Правда, еще были Военные. Эти с людьми Палача особо не церемонились, и мира между ними никогда не было. Но захотят ли они приютить беглянку? Да и связываться с теми, кто сначала стреляет, а потом разбирается, не хотелось.
Ладно... У меня еще было достаточно времени, чтобы найти правильное решение. А пока...
— Идем кушать.
— А что потом?— спросила Обуза.
— Потом мы пойдем дальше.
— Куда?— насторожилась она.
— Не знаю еще. Может быть, в Город Пророка... Там видно будет...

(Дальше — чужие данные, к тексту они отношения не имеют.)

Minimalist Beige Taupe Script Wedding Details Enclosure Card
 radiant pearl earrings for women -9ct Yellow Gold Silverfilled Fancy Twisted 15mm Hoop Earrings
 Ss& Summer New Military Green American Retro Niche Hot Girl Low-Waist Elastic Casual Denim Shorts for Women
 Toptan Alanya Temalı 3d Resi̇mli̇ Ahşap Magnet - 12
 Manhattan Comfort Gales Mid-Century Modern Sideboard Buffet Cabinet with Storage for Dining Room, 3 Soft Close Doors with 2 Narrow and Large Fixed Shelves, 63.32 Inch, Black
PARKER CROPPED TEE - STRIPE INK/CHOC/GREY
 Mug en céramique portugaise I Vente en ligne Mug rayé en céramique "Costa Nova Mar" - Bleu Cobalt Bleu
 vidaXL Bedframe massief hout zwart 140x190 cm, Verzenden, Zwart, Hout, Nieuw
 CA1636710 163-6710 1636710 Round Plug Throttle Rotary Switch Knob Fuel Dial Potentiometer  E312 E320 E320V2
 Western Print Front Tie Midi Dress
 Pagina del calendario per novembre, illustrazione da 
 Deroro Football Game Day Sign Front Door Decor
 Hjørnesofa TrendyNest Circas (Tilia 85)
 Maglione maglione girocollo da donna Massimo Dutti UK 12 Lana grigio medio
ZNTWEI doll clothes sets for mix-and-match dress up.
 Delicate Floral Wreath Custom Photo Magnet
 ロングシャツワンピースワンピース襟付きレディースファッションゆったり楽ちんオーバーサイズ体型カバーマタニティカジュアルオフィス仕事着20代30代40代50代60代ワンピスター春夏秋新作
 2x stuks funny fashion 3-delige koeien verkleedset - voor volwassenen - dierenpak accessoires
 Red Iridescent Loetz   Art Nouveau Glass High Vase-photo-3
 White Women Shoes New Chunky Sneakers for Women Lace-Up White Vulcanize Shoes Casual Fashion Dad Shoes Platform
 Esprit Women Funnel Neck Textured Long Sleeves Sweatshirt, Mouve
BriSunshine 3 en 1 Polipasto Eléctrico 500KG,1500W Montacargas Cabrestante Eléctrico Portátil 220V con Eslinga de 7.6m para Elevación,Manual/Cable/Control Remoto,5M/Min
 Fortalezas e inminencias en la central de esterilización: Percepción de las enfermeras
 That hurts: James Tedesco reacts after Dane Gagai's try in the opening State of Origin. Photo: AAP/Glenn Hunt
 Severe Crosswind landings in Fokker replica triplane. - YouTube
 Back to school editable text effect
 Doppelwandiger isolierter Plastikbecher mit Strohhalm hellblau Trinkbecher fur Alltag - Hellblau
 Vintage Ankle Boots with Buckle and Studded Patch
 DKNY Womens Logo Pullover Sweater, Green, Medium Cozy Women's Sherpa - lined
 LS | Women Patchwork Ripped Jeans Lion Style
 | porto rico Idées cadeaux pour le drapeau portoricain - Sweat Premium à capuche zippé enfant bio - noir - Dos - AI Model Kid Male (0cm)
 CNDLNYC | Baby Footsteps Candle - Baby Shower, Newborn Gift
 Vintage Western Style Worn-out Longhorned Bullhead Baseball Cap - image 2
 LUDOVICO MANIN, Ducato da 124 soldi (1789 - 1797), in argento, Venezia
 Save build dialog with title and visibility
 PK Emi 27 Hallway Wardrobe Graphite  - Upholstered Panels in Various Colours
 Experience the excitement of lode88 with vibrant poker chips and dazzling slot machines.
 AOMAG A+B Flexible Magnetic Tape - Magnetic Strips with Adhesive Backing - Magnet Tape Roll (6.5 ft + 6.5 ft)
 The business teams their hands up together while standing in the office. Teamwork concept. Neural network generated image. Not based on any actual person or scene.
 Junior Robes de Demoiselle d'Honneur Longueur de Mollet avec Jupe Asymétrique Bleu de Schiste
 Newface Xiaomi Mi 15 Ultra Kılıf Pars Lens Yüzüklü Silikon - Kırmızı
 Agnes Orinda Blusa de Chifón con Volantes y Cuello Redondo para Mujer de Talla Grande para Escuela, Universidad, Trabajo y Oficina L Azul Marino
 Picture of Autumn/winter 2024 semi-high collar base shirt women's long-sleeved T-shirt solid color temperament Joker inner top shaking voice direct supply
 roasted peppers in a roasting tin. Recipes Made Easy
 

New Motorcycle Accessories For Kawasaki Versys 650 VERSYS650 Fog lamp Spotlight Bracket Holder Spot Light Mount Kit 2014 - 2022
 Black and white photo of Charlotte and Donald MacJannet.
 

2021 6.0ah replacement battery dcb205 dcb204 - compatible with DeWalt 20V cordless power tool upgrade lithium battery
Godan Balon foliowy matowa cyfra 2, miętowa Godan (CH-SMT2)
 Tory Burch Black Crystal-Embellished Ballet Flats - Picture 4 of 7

Жареная картошка была бесподобна. Как всегда. Я с детства был без ума от этого непритязательного блюда. А в новом мире картошка служила основой пищи, потому как требовала минимум ухода и давала приличные урожаи. Картошку пожарили на сале. Свиней держали во многих селениях, но вот сала всегда было мало. Салат из помидоров, пучок свежего лука, дольки тыквы, а главное — хлеб — мягкий, с хрустящей корочкой. Я второй раз ловил себя на мысли, что не было в новом мире хлеба вкуснее, чем на Ветряках.
Мы ели не спеша, и не только для того, чтобы растянуть удовольствие. Честно сказать, мне не хотелось отсюда никуда уходить. Может быть, завтра у меня будет иное мнение, но сегодня хотелось отдохнуть и как следует выспаться. Однако события складывались так, что и следующую ночь нам придется провести в походных условиях...
Курятник располагался неподалеку от кухни. Поэтому неожиданный переполох, поднятый пернатыми, не остался незамеченным. Птицы тревожно кудахтали и носились за сеткой-ограждением. У ворот надрывно завыли псы, а в загоне заблеяли овцы и завизжали свиньи.
Сигнал, понятный каждому обитателю нового мира — приближался Кровавый Восход.
Животные чувствовали его и стремились найти укрытие. Предупрежденные люди, бросали свои дела и собирались в центре поселения. А мы с Алей продолжали неторопливо есть. У нас было еще с четверть часа, прежде чем начнется светопреставление.
С заметным опозданием и скорее традиционно, нежели из крайней необходимости, зазвенел тревожный колокол. Дублируя набат, десятки глоток завторили:
— Кровавый Восход! Кровавый Восход!
Рано или поздно это должно было случиться. И я был даже рад, что он произойдет сейчас, а не через пару часов, когда мы покинем селение и окажемся на незащищенной местности. На Ветряках имелось три подземных убежища, в которых можно было переждать стихию.
В отличие от меня, других людей каждый Кровавый Восход приводил в чрезмерно возбужденное состояние на грани паники. Вот и сейчас селяне излишне суетились, загоняли животных в укрытия, заносили в дома различный инвентарь, мамаши звали своих детей и тащили их на всеобщий сход. Сыч скользил взглядом по лицам, пытаясь понять, все ли собрались, никого не забыли впопыхах?
Ладно я... Но и Аля сидела смирно — то ли брала с меня пример, то ли Кровавый Восход ее на самом деле не пугал.
Между тем ясное небо начало темнеть. Такое впечатление, будто сам воздух густел и терял прозрачность, становился сначала серым, а потом и угольно-черным. И скоро сквозь это мрачное марево начнет сочится красный свет, густо заливающий мир иллюзорной кровью.
Впрочем, это будет через четверть часа. А пока солнце постепенно скрывалось из виду, крепчал ветерок да начинало неприятно саднить затылок.
Аля первой разобралась с пищей, но продолжала беспечно сидеть за столом. Девушка, приготовившая для нас обед, спешно собрала со стола всю утварь, которую могло повредить во время стихии, а потом некоторое время нетерпеливо дожидалась моей миски. Не дождалась, махнула рукой и поспешила к убежищу.